Still, failure to ascertain and understand governing philosophy does not diminish its importance because it is the compass by which the eventual winner will be guided when the current collection of crises is replaced by others - others precipitated, the track record suggests, by the winner's unexamined governing philosophy.

So it was the other night that, at a candidates forum sponsored by central and east Pasco chambers of commerce, a form of that most revealing question barged in through the side door, and both schools Superintendent Heather Fiorentino and Democratic nominee Steve Donaldson fumbled.

That Scary, Hissing Sound

The inquiry: What do you tell empty nesters and childless property owners when they complain about their ad valorem taxes going to schools that they no longer use, or never used?

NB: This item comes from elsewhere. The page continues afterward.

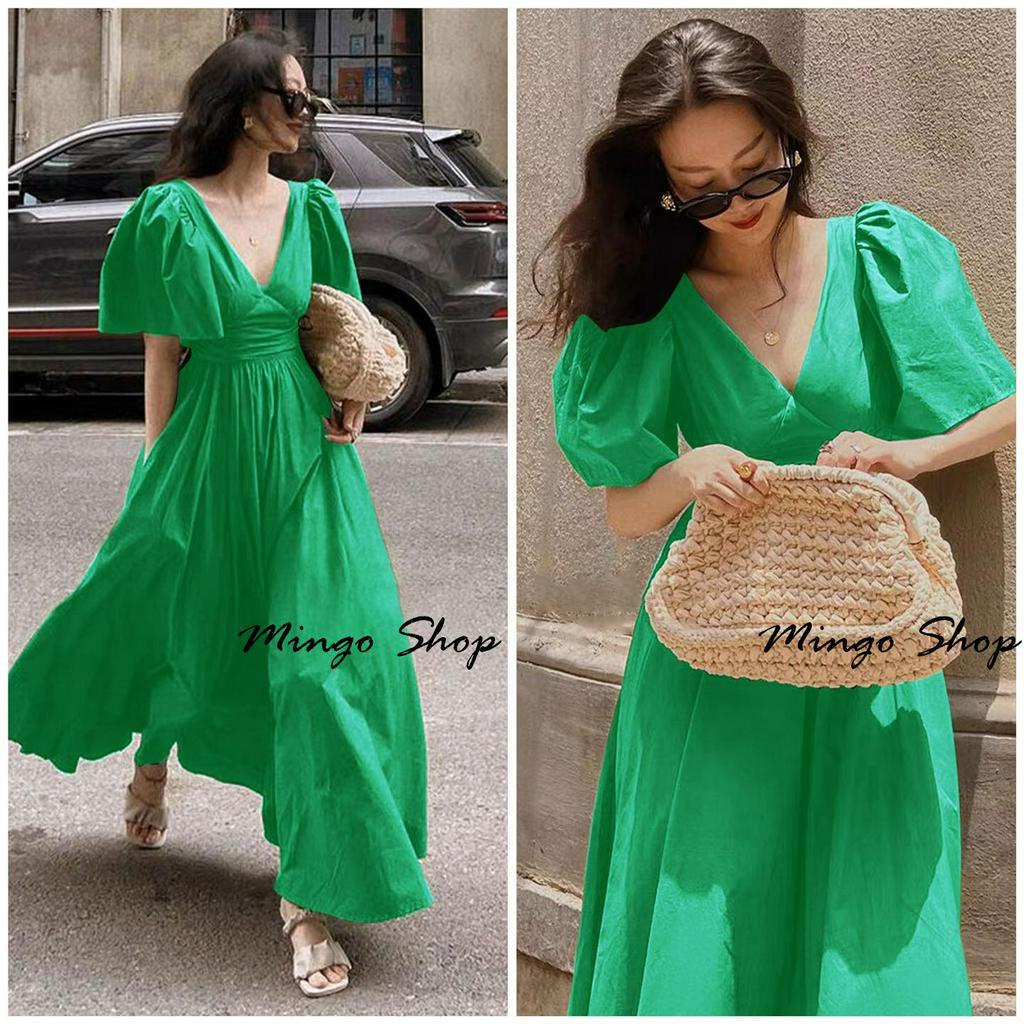 Váy maxi cổ V dáng dài, Đầm maxi thiết kế dáng dài xòe sang trọng mặc đi chơi đi tiệc chất liệu thô mát có size ngoại cỡ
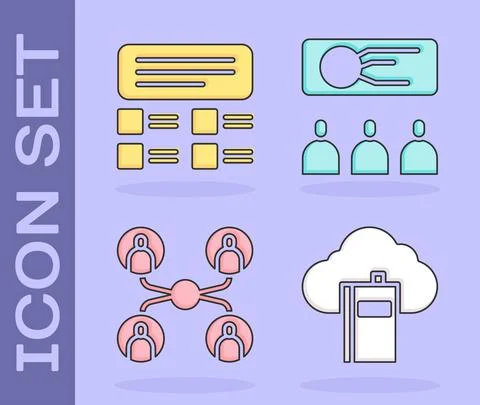 Set Cloud or online library, Online quiz, test, survey, Online class and イラスト素材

The subject is not new, nor should it have been unanticipated. But both recoiled as though they'd pulled the lid off a basket of cobras.

Donaldson's reply was esoteric and off-topic, something about how it's the superintendent's job to make sure that the budget is well-managed, waste is minimized and bang-for-the-buck happens at every turn. This is an admirable, if boilerplate, response to some question, if not the question posed.

Fiorentino, approaching whiny, was no better, faulting the legislature for the tax arrangement and adding a complaint about local districts shouldering more than 50 percent of the burden for the first time.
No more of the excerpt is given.